Example: the DomWorld Model

6.11
Hemelrijk's DomWorld simulation (Hemelrijk 2000) is a 2D individual-based simulation of movement and dominance interactions among apes. Although each individual is represented by only a few attributes (coordinates, direction, dominance value, sex) and has only a few simple behavioural rules (fighting, winning, losing, fleeing, approaching, looking for others) it does appear to replicate at least some of the observed characteristics of actual troupes of apes in terms of the spread of dominance, spatial distribution of positions, and sexual differences. Thus this model does produce at least some of the observed aggregate patterns from behaviour rules that are chosen to be consistent with what is known about ape behaviour. It thus establishes as credible an explanation of these patterns, which is an alternative to existing explanations.

6.12
The model has been replicated at least 4 times (to my knowledge). At least one of these explored important variations (Anjos 2007). These replications are not perfect because the original code is impenetrable, and there seems to be some significant details about the exact timing and ordering of events during a dominance interaction that are not fully worked out. However in all the replications at least some of the aggregate results are observed and these seem robust against changes in these details. Even if this model turns out to be fundamentally wrong it has sharpened and informed the understanding of these complex issues.

6.13
The original code and incomplete documentation has hampered efforts to get a full replication of the model with respect to the original model's results. Subsequent versions have, however, made good these defects and allowed others to examine the hypotheses embedded in it. A version of this model is available at the NetLogo site[10].

Revealing model assumptions

6.14
In any model, even if much of the model structure is dictated by the evidence, there will still be many assumptions that are used in the simulation design, either because: they are unknown; they are simply assumed being a background assumption; they are necessary in order to get a simulation to run; or they were accidentally added into the model during its implementation. Some of these assumptions will not impact significantly upon the results—that is to say those aspects of the outcomes that are deemed to be significant in terms of what is observed will not be affected by them. However in complex simulations it is very difficult to tell which assumptions will be critical in this way and which will not. Further which assumptions are critical will, in general, depend on which aspects of the outcomes are deemed significant (in terms of the mapping back to the observed process). Their criticality will also depend on truth of other assumptions, so one assumption may not have a critical effect on the results, but only in the presence of another assumption (which may or may not be articulated).

6.15
Thus uncovering the assumptions a model depends upon (or is critically dependent upon for certain outcomes) is a complex and intricate matter. However due to the fact that any simulation will (implicitly or explicitly) rely on them makes it an important matter. So examining and analysing a model to find what its assumptions are is an exercise that is worthwhile. However, it is unlikely to deal with all assumptions so that detailing the situation it is being applied in is necessary as the aspects of the outcomes that are being focused upon. Assumptions are dependent upon the modelling context and thus an investigation of them can't be totally divorced from this context (Edmonds and Hales 2005).
Example: Re-Implementing Axelrod's 'Evolutionary Approach to Norms'

6.16
Gálan and Izquierdo (2005) is an example of a paper seeking to uncover assumptions from a model. In this Axelrod's (1986) model on the evolution of norms is re-implemented and analysed. They show that very different results than those originally reported occur under a number of conditions: when the model is run for a lot longer, when some of the parameters in the model are slightly altered (e.g. mutation rates), and when some of the arbitrary assumptions in the model are changed (different but credible selection approaches are used). Thus the Galan and Izquierdo paper increases our understanding of the Axelrod model and informs us about the conditions under which it may be applicable to the observed world.
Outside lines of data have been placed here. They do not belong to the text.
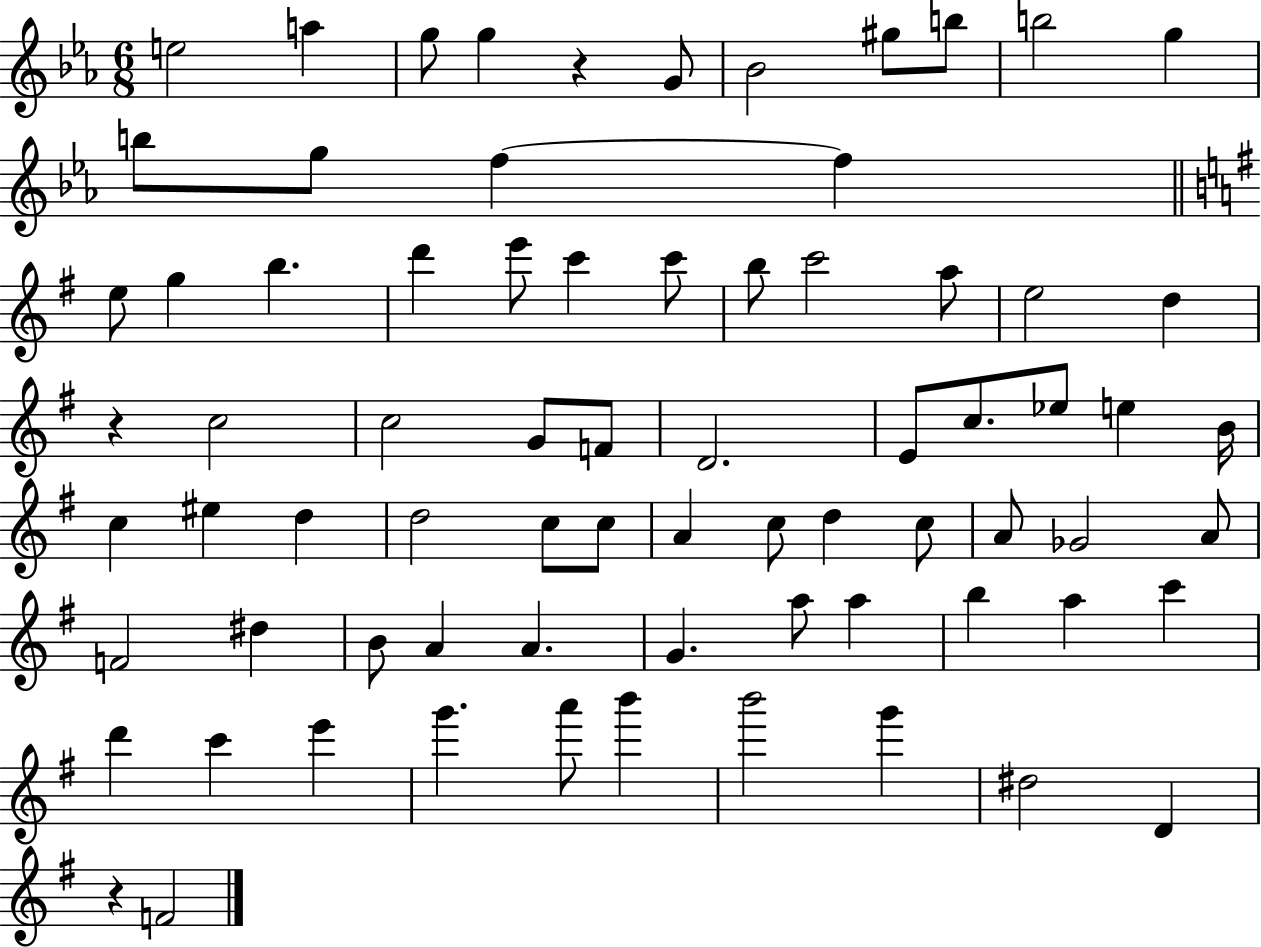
E5/h A5/q G5/e G5/q R/q G4/e Bb4/h G#5/e B5/e B5/h G5/q B5/e G5/e F5/q F5/q E5/e G5/q B5/q. D6/q E6/e C6/q C6/e B5/e C6/h A5/e E5/h D5/q R/q C5/h C5/h G4/e F4/e D4/h. E4/e C5/e. Eb5/e E5/q B4/s C5/q EIS5/q D5/q D5/h C5/e C5/e A4/q C5/e D5/q C5/e A4/e Gb4/h A4/e F4/h D#5/q B4/e A4/q A4/q. G4/q. A5/e A5/q B5/q A5/q C6/q D6/q C6/q E6/q G6/q. A6/e B6/q B6/h G6/q D#5/h D4/q R/q F4/h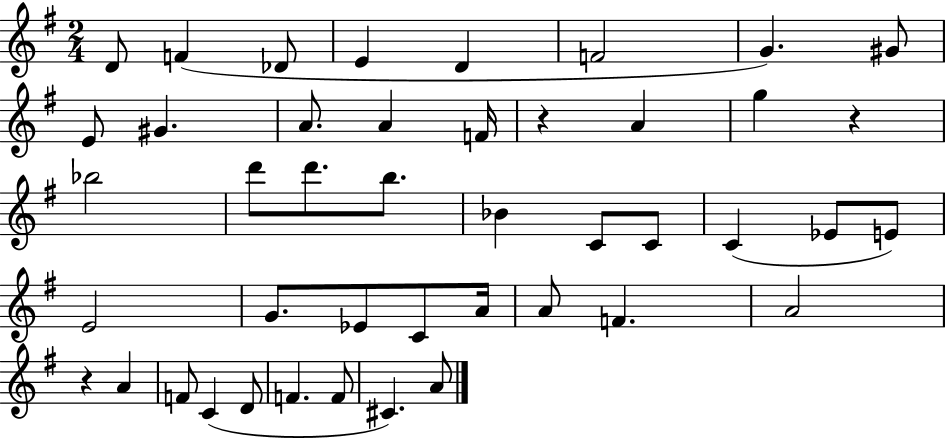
D4/e F4/q Db4/e E4/q D4/q F4/h G4/q. G#4/e E4/e G#4/q. A4/e. A4/q F4/s R/q A4/q G5/q R/q Bb5/h D6/e D6/e. B5/e. Bb4/q C4/e C4/e C4/q Eb4/e E4/e E4/h G4/e. Eb4/e C4/e A4/s A4/e F4/q. A4/h R/q A4/q F4/e C4/q D4/e F4/q. F4/e C#4/q. A4/e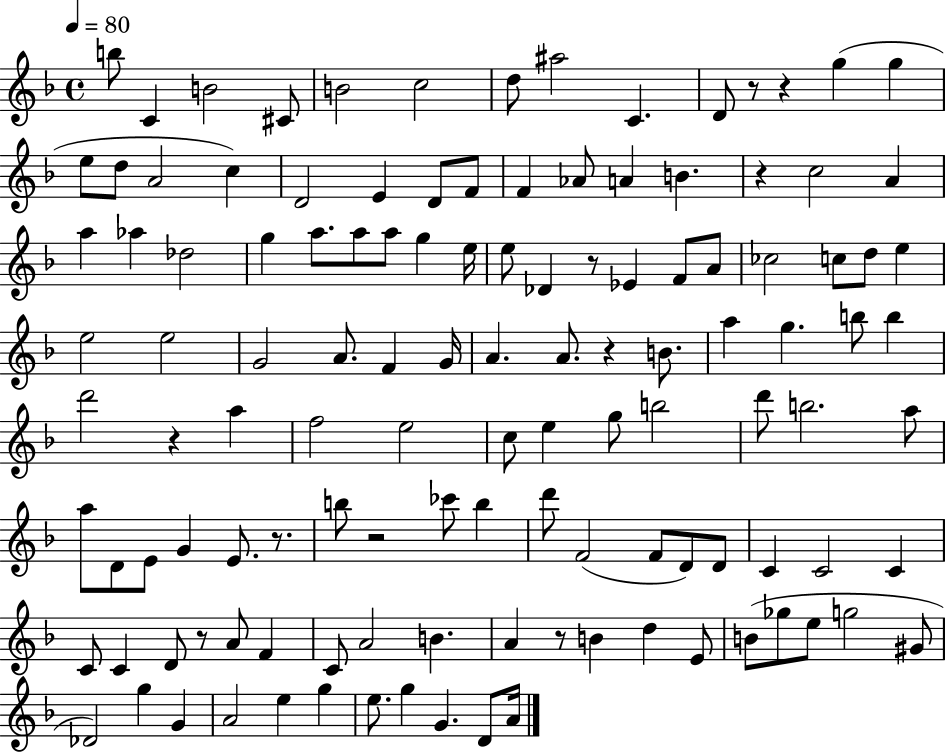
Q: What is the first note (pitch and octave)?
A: B5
Pseudo-mathematical modelling work

6.17
A last kind of modelling endeavour is an attempt to simply understand the middle, inference step of the modelling process. This would be the simulation equivalent of pure mathematics, not concerned with the mapping of the model to anything observed. This is fine as long as it judged by the same criteria as those of good pure mathematics: soundness, generality/applicability and importance.
  • Soundness means that others can rely on the results of the investigation without going through all the details as to what the original investigators did. This is extremely hard to do for all but the very simplest simulations and would, at the minimum, include independent replication.
  • Generality means that the results of the investigation can be used by a reasonable number of others—in a simulation context it means that someone could tell something useful about the outcomes for their model using the results from the investigation.
  • Importance means that the results show how information about a simulation can be transformed into a different but useful form—bridging the gap between different kinds of representation or reveal some hidden universality.
Taken together these criteria can be interpreted as seeking to ensure that, whilst the investigation is not directly useful, that it has a good chance of being useful in the future.

6.18
Clearly although such a kind of investigation is conceivable it involves painstaking work. Instead much work suggests something about other simulations but is not directly applicable. Again the different kinds of modelling task are often mixed—so an investigation that does not really relate to any evidence but does not achieve the criteria of noteworthy mathematics above might be bolstered by an imprecise justification in terms of potential applications or vague analogy with some other models or conceptions. It seems to me that people look at the practice in sciences such as physics and draw the conclusion that the same kind of approach will work with the social sciences. In physics the micro-foundations (the behaviour of the bits) is often extremely well known so the challenge is how these might combine in complex systems. Also in physics it is relatively easy to get hold of data to test a model. The culture in physics makes it far more difficult to excuse a model that does not correspond to the evidence. Lastly, the relative simplicity of their phenomena allows for simpler, more tractable models, which allows their assumptions and structure to be better understood. Such a benign environment for modelling allows for a more relaxed style of modelling that would not be effective in most social spheres where the above advantages do not hold.
Example: Exploring the Properties of a Class of Opinion Dynamics Model

6.19
(Deffuant 2006) takes an existing set of models and uses a combination of parameter exploration and analytic approximation to determine the behaviour of these models under a range of circumstances. The models are all variants of opinion dynamics models (Deffuant et al. 2002). The paper compares "patterns of extremism propagation yielded by 4 continuous opinion models, when the main parameters vary, on different types of networks (total connection, random network, and lattice)" (ibid). Apart from the uncertainty of extremists in the model and the network topology this paper also considers the effect of noise. The paper presents the results of a very comprehensive parameter sweep, which seems to have lead to a later analysis of the underlying working of these kinds of model in Deffuant and Weisbuch (2008). Regardless of the ultimate importance of this particular family of model, this nicely illustrates how general properties of models can be mapped out, given enough effort.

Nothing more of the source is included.